The THP programming language specification
This page (and following pages in the future) define the language.
THP is a strong, statically typed programming language that is transpiled to PHP. It is designed to improve on PHP’s shortcomings, mainly a better type system, better syntax and semantics, and better integration with tooling.
Compiler architecture
This is subject to change. We are still rewriting from Rust to Zig.
The compiler will have 5 phases:
- Lexical analysis: converts source code into a stream of tokens.
- Syntax analysis: converts a stream of tokens into an AST.
- Semantic analysis: performs type-checking and validations on the AST.
- IR transform: transforms the highlevel THP AST into a lower level representation. Unfolds syntax sugar.

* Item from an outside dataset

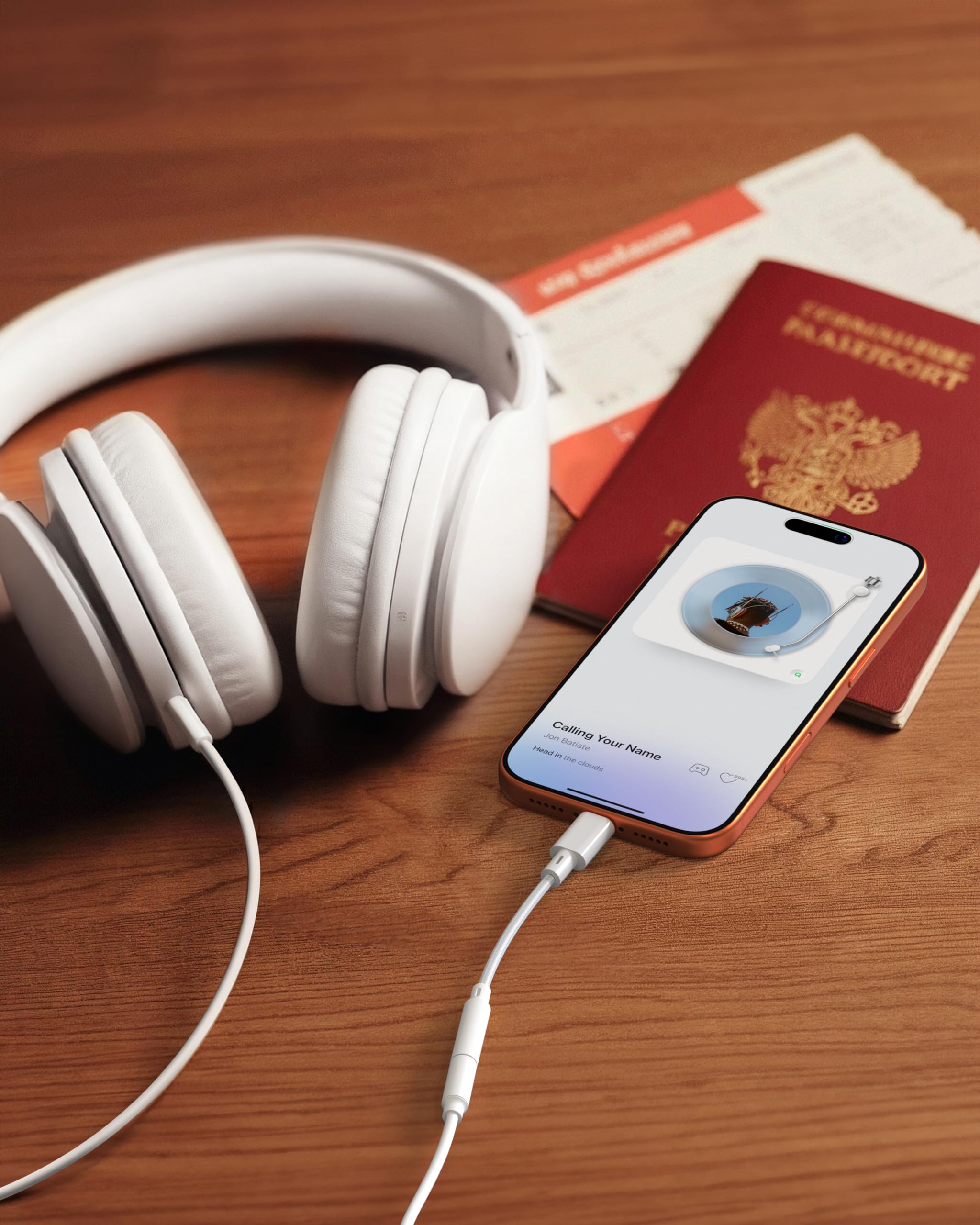 LERTOSEN USB Typ C auf 3,5 mm Buchse Kopfhöreranschluss-Adapter, (2 Stück) USB C auf Aux Audio Dongle Kabel, kompatibel mit iPhone 15 Pro Max 15 Pro 15 Plus, Galaxy S24 S23 S22 S21 Ultra, iPad Pro,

- Code generation: transforms the IR into PHP code.
Source code representation
Source code must be UTF-8 encoded. Any non-ASCII bytes appearing within a string literal in source code carry their UTF-8 meaning into the content of the string, the bytes are not modified by the compiler.
Furthermore, THP only recognizes LF as line terminator. Using CRLF will lead to a compiler error.
Grammar syntax
This document uses a modified version of EBNF which allows the use of RegExp-like modifiers. An example is as follows:
; single line comments
literal = "a"
; ranges iterate over ASCII codepoints
range = "0".."9"
production_1 = character
concatenation = production_1, production_2
alternation = "a" | "b"
alternation_2 = "abc"
| "jkl"
| "xyz"
grouping = ("123", "456")
zero_or_one = production?
zero_or_more = production*
one_or_more = production+
Whitespace & Automatic Semicolon Insertion
Altough not yet implemented, THP will not use semicolons as statements delimitors. Instead, new lines will serve as statement delimitors.
THP is whitespace insensitive. However, THP has special rules when handling statement termination in order to not use semicolons.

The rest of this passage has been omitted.